14. The compressor of claim 13, further comprising a discharge
valve member movable relative to the hub between a first position
in which the discharge valve member contacts the hub and restricts
communication between the discharge passage and the
discharge-pressure region and a second position in which the
discharge valve member is spaced apart from the hub and allows
communication between the discharge passage and the
discharge-pressure region.
15. The compressor of claim 10, further comprising a partition
plate separating the discharge-pressure region from a
suction-pressure region, wherein the hub extends at least partially
through an opening in the partition plate, and wherein a
diametrical surface of the hub cooperates with a diametrical
surface of the opening to define an annular chamber therebetween,
the annular chamber receives fluid from the first and second bypass
passages when the bypass valve member is in the second
position.
16. The compressor of claim 15, further comprising a discharge
valve member and a discharge valve retainer attached to the
partition plate and defining a discharge cavity in communication
with the discharge-pressure region, the discharge valve member
disposed within the discharge cavity and movable therein between a
first position in which the discharge valve member restricts
communication between the discharge passage and the discharge
cavity and restricts communication between the annular chamber and
the discharge cavity and a second position in which the discharge
valve member allows communication between the discharge passage and
the discharge cavity and allows communication between the annular
chamber and the discharge cavity.
17. The compressor of claim 16, wherein the first end plate
cooperates with the partition plate to define an annular biasing
chamber therebetween that extends around the discharge passage and
the first and second bypass passages, and wherein the first end
plate includes a bleed hole extending therethrough and
communicating with the biasing chamber.
18. The compressor of claim 10, wherein the hub is integrally
formed with the first end plate.
19. The compressor of claim 10, further comprising a partition
plate separating the discharge-pressure region from a
suction-pressure region, wherein the first end plate includes a
first annular groove and a second annular groove, wherein the first
and second annular grooves surround the hub and are disposed
radially outward relative to the first and second bypass passages,
wherein the first and second annular grooves at least partially
receive first and second annular seals, respectively, and wherein
the first and second annular seals contact the partition plate to
define an annular biasing chamber disposed radially between the
first and second annular seals.
20. The compressor of claim 10, wherein the bypass valve member has
an annular shape.
21. The compressor of claim 10, wherein the first and second spiral
wraps define a third fluid pocket therebetween, and wherein the
third fluid pocket is disposed radially inward relative to the
first and second fluid pockets and is in communication with the
discharge passage.
Description
CROSS-REFERENCE TO RELATED APPLICATIONS
[0001] This application is a divisional of U.S. patent application
Ser.
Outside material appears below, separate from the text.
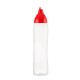 Sauce dispenser non drip red 1000 ml 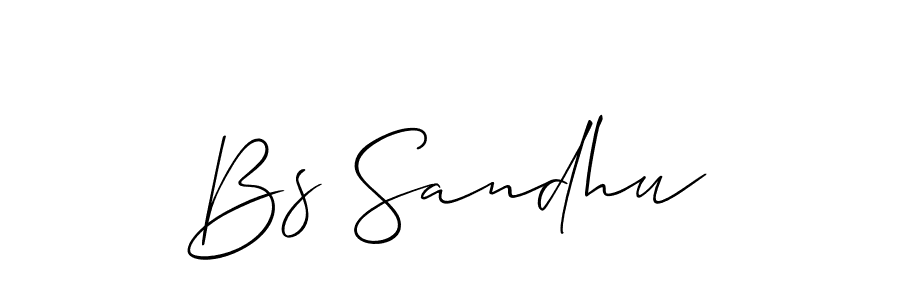 Design your own signature with our free online signature maker. With this signature software, you can create a handwritten (Allison_Script) signature for name Bs Sandhu. Bs Sandhu signature style 2 images and pictures png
No. 14/663,073 filed on Mar. 19, 2015. The entire disclosure
of the above application is incorporated herein by reference.
FIELD
[0002] The present disclosure relates to a variable volume ratio
compressor.
BACKGROUND
[0003] This section provides background information related to the
present disclosure and is not necessarily prior art.
[0004] A climate-control system such as, for example, a heat-pump
system, a refrigeration system, or an air conditioning system, may
include a fluid circuit having an outdoor heat exchanger, an indoor
heat exchanger, an expansion device disposed between the indoor and
outdoor heat exchangers, and one or more compressors circulating a
working fluid (e.g., refrigerant or carbon dioxide) between the
indoor and outdoor heat exchangers. Efficient and reliable
operation of the one or more compressors is desirable to ensure
that the climate-control system in which the one or more
compressors are installed is capable of effectively and efficiently
providing a cooling and/or heating effect on demand.
SUMMARY
[0005] This section provides a general summary of the disclosure,
and is not a comprehensive disclosure of its full scope or all of
its features.
[0006] In one form, the present disclosure provides a compressor
that may include a shell, first and second scroll members, a
partition plate, a bypass valve retainer and a bypass valve member.
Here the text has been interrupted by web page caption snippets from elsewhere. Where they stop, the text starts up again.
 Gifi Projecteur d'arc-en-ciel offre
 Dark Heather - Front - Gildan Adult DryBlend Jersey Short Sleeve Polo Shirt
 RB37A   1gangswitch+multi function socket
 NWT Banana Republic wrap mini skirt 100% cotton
The shell may define a discharge-pressure region and a
suction-pressure region. The first scroll member is disposed within
the shell and includes a first end plate and a first spiral wrap
extending from a first side of the first end plate. The first end
plate may include a discharge passage, a first bypass passage and a
second bypass passage extending through the first side and a second
side of the first end plate. The second scroll member includes a
second spiral wrap cooperating with the first spiral wrap to define
first and second fluid pockets therebetween. The first and second
fluid pockets may be in communication with the first and second
bypass passages, respectively. The partition plate is disposed
within the shell and separates the discharge-pressure region from
the suction-pressure region. The partition plate may include a
first opening in communication with the discharge-pressure region.
The bypass valve retainer may be attached to the partition plate
and may include a second opening in communication with the first
opening, the discharge passage and the discharge-pressure region.
The bypass valve member may be disposed around the discharge
passage within the first opening and may be movable between a first
position in which the bypass valve member contacts the first end
plate and restricts fluid flow through at least one of the first
and second bypass passages and a second position in which the
bypass valve member allows fluid flow through the at least one of
the first and second bypass passages and through the second
opening.
[0007] In some configurations, the compressor includes a spring
member disposed between the bypass valve retainer and the bypass
valve member and biasing the bypass valve member toward the first
position.
[0008] In some configurations, the spring member is integral with
the bypass valve member.
[0009] In some configurations, the compressor includes a discharge
valve member movable relative to the bypass valve retainer between
a first position in which the discharge valve member contacts the
bypass valve retainer and restricts communication between the
second opening and the discharge-pressure region and a second
position in which the discharge valve member is spaced apart from
the bypass valve retainer and allows communication between the
second opening and the discharge-pressure region.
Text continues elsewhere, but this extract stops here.